The Register article, aside from taking a snarky attitude toward blogs in general, is missing the point. This approach seems to me to be a good, long-term way to disincent comment spamming, with minimal effect on the blogs or the Net itself. I’m not sure where the problem is with that.
Hmmm. Interesting. The tag also affects MTPing links. So links generated by trackbacks (in my case, either on individual pages or in the list of recent trackbacks on the front page) aren’t indexed/PageRanked, either. That’s mildly more annoying, since trackbacks (though still a huge hole in MT for comment spam) are, indeed, a fundamental part of the “web” of conversation. By the same token, the trackbacks exist (and can be manually followed), they just won’t be visible via Google.
Hmmm. Not huge, but interesting.
Speaking from somewhere in the middle – in other words, not exactly for and not exactly against – any “problem” that I see is one of understanding. Namely the “Woohoo, Six Apart has solved the problem for us all” type things. I don’t actually have a problem with Six Apart, mind you, but as a developer of things that work to alleviate us of spam comments [1, 2], it’s important to me that the issue is understood.
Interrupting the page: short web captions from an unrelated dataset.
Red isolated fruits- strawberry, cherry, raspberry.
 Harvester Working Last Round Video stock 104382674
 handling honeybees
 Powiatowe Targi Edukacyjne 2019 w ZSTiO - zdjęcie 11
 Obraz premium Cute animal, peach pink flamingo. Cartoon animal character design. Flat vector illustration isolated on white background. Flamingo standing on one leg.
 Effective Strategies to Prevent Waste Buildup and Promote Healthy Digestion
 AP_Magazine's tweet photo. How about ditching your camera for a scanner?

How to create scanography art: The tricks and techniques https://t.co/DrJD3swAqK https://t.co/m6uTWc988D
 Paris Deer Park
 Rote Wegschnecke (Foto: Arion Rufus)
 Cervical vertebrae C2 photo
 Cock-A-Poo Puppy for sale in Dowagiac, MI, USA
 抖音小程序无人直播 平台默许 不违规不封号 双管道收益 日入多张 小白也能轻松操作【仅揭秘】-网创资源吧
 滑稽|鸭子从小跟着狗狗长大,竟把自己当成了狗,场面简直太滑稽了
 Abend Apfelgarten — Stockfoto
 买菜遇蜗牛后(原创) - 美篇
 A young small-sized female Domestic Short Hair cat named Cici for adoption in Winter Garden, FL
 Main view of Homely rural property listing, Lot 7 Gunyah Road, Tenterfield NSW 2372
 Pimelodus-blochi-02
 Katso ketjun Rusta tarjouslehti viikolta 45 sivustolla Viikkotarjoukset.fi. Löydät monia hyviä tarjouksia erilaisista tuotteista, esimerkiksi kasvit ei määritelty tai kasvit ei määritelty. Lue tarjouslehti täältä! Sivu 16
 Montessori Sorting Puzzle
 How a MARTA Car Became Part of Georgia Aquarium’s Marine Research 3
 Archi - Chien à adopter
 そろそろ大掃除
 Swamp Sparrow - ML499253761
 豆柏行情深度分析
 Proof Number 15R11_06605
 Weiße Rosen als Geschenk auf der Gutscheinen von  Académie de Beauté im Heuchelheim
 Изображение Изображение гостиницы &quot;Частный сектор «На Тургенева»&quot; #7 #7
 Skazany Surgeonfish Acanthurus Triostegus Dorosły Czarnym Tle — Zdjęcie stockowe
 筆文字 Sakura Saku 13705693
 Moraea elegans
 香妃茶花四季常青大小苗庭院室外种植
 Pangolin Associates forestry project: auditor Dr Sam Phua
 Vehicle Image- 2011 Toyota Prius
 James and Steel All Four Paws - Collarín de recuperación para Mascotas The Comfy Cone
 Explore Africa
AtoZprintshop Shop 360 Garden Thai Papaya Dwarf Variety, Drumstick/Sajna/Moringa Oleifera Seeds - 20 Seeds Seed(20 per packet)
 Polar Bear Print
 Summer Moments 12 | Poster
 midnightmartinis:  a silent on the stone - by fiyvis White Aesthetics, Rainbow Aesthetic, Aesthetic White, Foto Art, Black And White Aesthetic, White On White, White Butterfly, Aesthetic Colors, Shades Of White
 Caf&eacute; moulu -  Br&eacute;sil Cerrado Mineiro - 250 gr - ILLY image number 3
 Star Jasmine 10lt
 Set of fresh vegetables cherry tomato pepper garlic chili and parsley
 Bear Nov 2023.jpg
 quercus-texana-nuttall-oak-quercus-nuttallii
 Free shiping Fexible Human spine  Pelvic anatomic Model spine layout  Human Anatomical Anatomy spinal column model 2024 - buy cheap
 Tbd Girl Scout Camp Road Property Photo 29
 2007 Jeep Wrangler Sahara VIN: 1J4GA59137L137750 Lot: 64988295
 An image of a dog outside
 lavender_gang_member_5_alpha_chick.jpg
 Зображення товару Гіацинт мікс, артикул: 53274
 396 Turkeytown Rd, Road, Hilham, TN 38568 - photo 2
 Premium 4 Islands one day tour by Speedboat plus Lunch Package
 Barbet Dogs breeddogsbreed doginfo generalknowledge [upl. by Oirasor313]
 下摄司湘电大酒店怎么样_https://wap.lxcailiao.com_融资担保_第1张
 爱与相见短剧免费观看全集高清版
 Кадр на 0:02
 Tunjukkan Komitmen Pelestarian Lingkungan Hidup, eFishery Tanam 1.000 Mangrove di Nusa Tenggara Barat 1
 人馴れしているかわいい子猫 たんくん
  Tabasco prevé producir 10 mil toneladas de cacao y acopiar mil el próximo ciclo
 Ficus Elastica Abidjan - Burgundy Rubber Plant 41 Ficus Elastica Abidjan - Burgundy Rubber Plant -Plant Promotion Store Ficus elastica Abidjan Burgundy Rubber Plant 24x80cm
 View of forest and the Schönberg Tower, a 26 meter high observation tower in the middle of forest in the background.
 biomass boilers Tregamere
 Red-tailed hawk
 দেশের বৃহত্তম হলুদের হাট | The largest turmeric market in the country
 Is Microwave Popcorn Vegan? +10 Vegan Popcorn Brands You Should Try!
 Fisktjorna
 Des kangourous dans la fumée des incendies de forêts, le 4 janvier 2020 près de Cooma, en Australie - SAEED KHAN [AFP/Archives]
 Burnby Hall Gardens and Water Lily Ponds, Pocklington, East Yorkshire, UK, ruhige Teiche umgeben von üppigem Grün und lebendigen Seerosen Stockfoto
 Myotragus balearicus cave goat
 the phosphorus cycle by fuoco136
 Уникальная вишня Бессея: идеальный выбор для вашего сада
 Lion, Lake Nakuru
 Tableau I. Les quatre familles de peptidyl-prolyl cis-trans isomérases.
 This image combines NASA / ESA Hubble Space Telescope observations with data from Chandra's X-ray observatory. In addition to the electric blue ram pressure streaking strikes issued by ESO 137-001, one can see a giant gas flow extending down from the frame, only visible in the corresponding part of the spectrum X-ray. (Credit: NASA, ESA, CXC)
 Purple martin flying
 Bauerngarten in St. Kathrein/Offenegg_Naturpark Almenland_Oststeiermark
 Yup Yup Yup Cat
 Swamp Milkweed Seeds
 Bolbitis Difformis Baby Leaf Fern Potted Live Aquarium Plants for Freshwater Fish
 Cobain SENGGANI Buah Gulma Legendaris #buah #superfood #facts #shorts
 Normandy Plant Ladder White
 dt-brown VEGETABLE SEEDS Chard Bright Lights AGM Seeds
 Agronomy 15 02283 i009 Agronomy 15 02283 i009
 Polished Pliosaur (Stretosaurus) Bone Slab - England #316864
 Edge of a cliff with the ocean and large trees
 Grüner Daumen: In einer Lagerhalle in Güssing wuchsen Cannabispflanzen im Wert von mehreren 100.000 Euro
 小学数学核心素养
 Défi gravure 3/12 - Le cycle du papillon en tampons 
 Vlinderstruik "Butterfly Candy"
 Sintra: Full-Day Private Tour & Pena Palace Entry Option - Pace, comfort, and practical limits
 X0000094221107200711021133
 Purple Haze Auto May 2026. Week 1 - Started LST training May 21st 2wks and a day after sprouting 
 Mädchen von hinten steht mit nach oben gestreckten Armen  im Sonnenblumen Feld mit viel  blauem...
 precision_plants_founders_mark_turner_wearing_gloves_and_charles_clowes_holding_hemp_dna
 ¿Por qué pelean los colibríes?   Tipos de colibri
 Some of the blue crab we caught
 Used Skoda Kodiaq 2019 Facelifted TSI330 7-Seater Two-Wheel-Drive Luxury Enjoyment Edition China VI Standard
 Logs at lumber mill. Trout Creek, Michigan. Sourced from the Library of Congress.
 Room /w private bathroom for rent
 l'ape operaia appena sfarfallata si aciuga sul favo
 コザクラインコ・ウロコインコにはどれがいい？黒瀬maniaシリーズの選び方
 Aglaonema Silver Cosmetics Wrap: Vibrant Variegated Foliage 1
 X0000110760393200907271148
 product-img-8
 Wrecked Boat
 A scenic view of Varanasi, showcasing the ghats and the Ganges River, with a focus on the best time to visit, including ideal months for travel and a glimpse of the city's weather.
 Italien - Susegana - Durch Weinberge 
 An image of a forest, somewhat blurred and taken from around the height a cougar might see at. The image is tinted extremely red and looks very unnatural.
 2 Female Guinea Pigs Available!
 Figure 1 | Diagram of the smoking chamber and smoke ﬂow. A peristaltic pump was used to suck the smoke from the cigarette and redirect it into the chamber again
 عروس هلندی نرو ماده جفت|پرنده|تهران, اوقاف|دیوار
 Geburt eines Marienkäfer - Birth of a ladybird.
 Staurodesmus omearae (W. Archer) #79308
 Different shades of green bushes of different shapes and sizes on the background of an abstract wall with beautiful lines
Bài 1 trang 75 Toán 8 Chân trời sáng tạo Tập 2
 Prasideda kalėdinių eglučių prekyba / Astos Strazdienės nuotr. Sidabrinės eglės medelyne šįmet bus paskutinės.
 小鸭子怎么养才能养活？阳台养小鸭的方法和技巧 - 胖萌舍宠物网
In #1, you mention that you could put it into blog entries, but that wouldn’t happen. In #2, you illustrate exactly why that might happen – namely, linking to a site that you don’t want to give a “boost”. Scoble [3] talks about this issue.
As to #3 and #4 – I understand that some are, but I won’t, arguing the use of the attribute as a disincentive, and that makes perfect sense to me. However, due to my comments in the first paragraph here, I just think it’s important that people understand. The nofollow attribute won’t make it go away. Probably not ever. Even Six Apart agreed to as much by saying that there will always be avenues where people aren’t to be bothered.
And that’s where the real thing comes into play. You mention that spammers will go elsewhere. In reality, they likely won’t. I’ve switched the location of my comment script a few times recently due to upgrades, and once I put it back where it had been for a while. When I did, it almost immediately started receiving comment spam – despite the fact that it hadn’t been there for months! This tells me that they don’t care what you’re doing. They just collect and pollute. Spammers are very unlikely to care about the nofollow tag being on your site, or mine, or any of another dozen people’s.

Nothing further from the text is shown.